No charges of any kind were ever filed against the man, whose problems apparently started because he loaned his business license to the wrong person. No one involved in the car theft ring that was broken up in Tucson and Phoenix that day was ever charged with terrorist activities or linked to terrorist organizations.
Miller contends that if his agency had followed its own policies, it would have determined that the man did not qualify for a SWAT invasion. Enforcement, he says, must provide a justification to dispatch a SWAT team to use "hard tactics." Justification would include documenting the presence of vicious dogs--there were no dogs--or having reason to believe the person was armed and presented a danger to officers. According to Miller, no such evidence was presented, and none existed.

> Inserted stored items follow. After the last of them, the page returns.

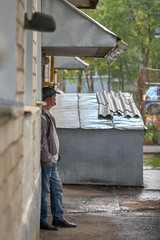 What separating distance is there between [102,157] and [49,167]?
386 centimetres

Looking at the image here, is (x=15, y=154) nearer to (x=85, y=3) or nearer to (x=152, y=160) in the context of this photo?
(x=85, y=3)

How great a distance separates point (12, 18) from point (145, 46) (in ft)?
75.9

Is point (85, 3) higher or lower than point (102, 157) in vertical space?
higher

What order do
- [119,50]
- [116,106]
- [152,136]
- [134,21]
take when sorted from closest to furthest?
[119,50] → [116,106] → [152,136] → [134,21]

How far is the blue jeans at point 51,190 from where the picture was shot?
25.6ft

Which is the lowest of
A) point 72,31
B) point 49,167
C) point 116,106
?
point 49,167

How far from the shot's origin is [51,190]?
825cm

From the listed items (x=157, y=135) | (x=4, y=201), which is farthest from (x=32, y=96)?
(x=157, y=135)

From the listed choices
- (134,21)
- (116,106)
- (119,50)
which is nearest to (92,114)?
(116,106)

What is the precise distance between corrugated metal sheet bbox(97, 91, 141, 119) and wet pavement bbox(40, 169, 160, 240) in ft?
4.78

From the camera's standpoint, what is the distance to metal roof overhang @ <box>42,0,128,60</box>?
26.8 feet

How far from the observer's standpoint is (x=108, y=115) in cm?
Answer: 1188

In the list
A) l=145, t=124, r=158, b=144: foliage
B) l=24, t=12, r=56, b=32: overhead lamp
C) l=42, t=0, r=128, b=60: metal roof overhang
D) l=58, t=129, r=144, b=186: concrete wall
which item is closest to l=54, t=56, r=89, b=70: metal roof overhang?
l=145, t=124, r=158, b=144: foliage

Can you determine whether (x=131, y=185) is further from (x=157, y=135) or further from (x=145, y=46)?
Answer: (x=145, y=46) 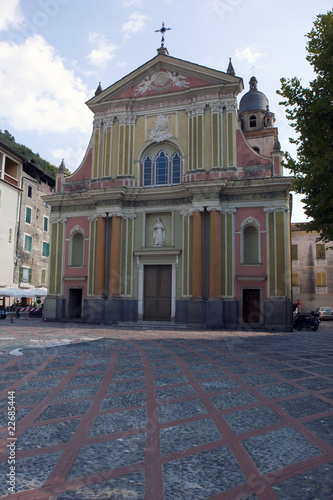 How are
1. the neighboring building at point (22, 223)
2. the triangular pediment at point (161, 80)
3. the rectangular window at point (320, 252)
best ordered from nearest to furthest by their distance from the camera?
the triangular pediment at point (161, 80) → the neighboring building at point (22, 223) → the rectangular window at point (320, 252)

The civil rights violations charges Miller made against his two superiors carry prison penalties of up to 10 years.
No one at U.S. Customs will comment on Miller's allegations, citing an ongoing case. The Muslim man at the center of Miller's charges will only say through his lawyer that he is grateful to Miller for standing up for him.
"It's not like someone got a speeding ticket," Miller says. "The Constitution was violated. I would have stood up for anyone whose rights were being violated."
Freedom of Information Act requests for the results of the investigation Customs made into Miller's charges against his superiors received a cursory note--six months after the request was submitted--stating that the request would be processed in the order in which it had been received. The Freedom of Information/Privacy Rights Branch of the Department of Justice's Civil Rights Division responded quickly to the same request, explaining in legalese that privacy restrictions would not allow for comment.
Miller has a different explanation as to why inquiries hit the ICE wall: "There was no investigation into my charges. Nothing was ever done," Miller says. "No interviews were conducted, nothing."
Instead, charges involving past activities that had never been questioned before were brought against Miller, he claims. He was charged with unlawful disclosure, lack of candor, conduct inconsistent with undercover operations and the unauthorized use of a home computer.
"They knew I used my home computer because they wouldn't buy me one," Miller says. Miller had his gun taken away and was sat down at a desk until his formal dismissal.
As part of his undercover work, Miller says he had been arranging the sale of cruise-missile engines, considered weapons of mass destruction, in a $1.6 million deal to the Iranians.
"Customs closed an investigation about weapons of mass destruction just to retaliate against me," Miller claims. Since his firing, Miller, who currently works as a freelance investigator for various federal government departments, says he has informed other federal agencies of the facts of the Iranian case, and they have continued the investigation.
Asked if he would do it all over again--knowing the consequences of the whistle-blowing--Miller says simply, "Yes, I'd do it again."
In his most recent contact with Customs' legal representatives, he was offered a 40 percent disability retirement if he would deny that the stress-related illness he has been treated for since his dismissal was caused by the retaliation he received. Miller's response?
"'No thank you.' I told them I'd be back at the agency and continue the fight."
And what about whistleblower protection laws enacted in 1989? "I had a supervisor admit that I was being punished for protecting the Muslim, and not for the charges they drummed up. Another agent wrote in a memo for management in their case against me that I showed poor judgment by interfering with the search warrant involving the Muslim. So far, they have totally ignored the smoking guns, and I have been denied whistleblower protection."
Miller's four attempts at whistleblower status have been denied by the Office of Special Council and the Merit Systems Protection Board. His fourth rejection is on appeal and is currently being reconsidered by a judge.
"If I get whistleblower status, I get all my back pay; I will be returned to my job; I will possibly get my promotion that was denied on six occasions after the incident, and I will be granted protection from further retaliation."
If not, Miller still has the question before the court as to whether or not he was justly fired.
"If I win my firing hearing, Customs has already told me they will adjudicate me mentally ill and medically retire me anyway," he says.
Miller's appeal is currently winding down in an internal government court system and could be his last allowed. He has no recourse in civilian court.
"Whistleblower status is the best thing that could happen for me," Miller says. His court date is scheduled for Feb. 9.